**EXERCISE DATA**
__________
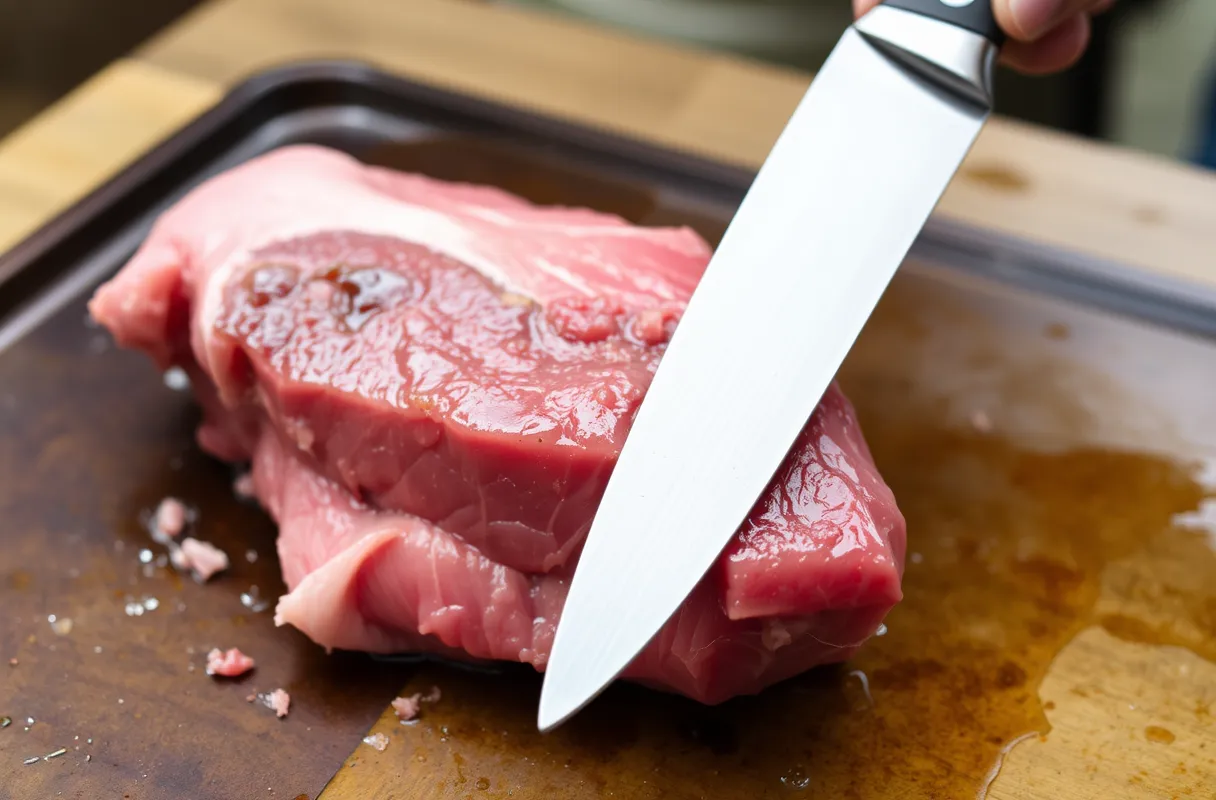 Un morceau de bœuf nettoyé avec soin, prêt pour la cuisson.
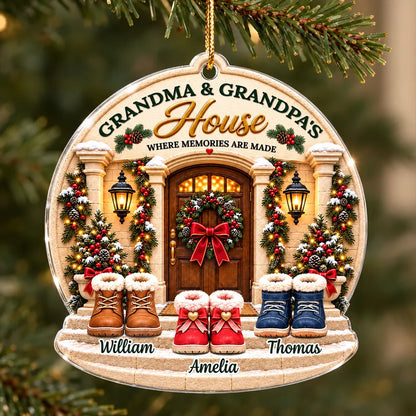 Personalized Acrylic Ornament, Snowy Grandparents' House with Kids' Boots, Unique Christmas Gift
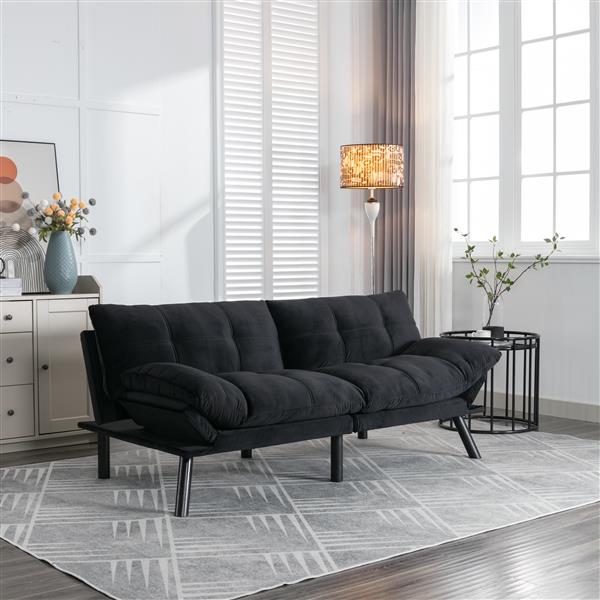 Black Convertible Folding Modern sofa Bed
__________
**TASK ITEM**
In your answer, copy exactly the lines running from the line with "Personalized Acrylic Ornament, Snowy" to the end of the material above, both included, and omit all pictures.

**WORKED SOLUTION**
 Personalized Acrylic Ornament, Snowy Grandparents' House with Kids' Boots, Unique Christmas Gift
 Black Convertible Folding Modern sofa Bed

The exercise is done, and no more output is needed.